==== Dataset excerpts ====
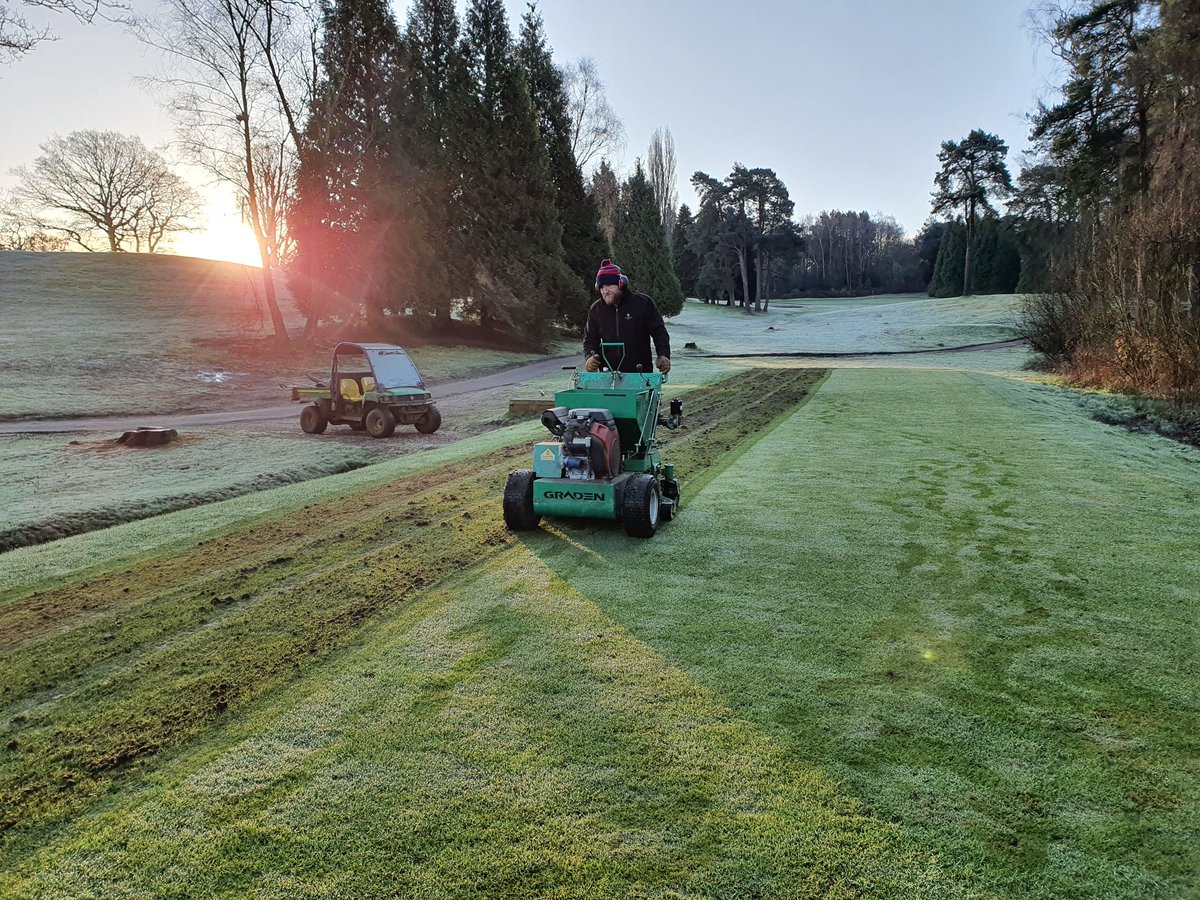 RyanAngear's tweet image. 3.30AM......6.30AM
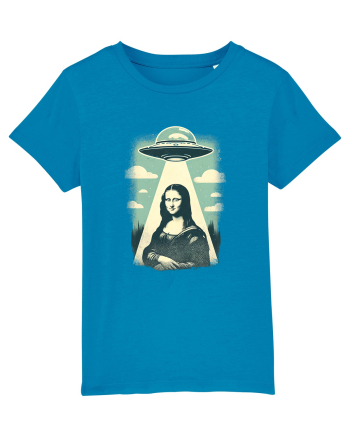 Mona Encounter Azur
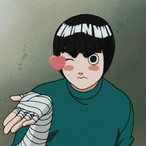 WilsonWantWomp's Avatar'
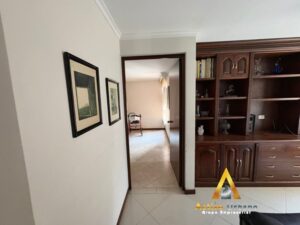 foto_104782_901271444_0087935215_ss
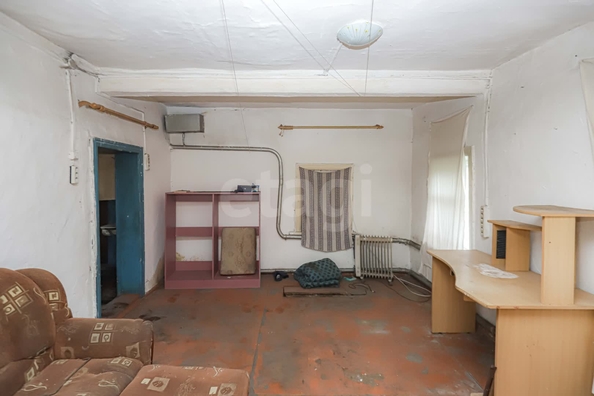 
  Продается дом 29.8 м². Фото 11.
====
### Work request:
An exact copy is needed of every line from the line containing "Mona Encounter Azur" to the last line of the records; pictures stay out of it.

### Exercise result:
 Mona Encounter Azur
 WilsonWantWomp's Avatar'
 foto_104782_901271444_0087935215_ss
  Продается дом 29.8 м². Фото 11.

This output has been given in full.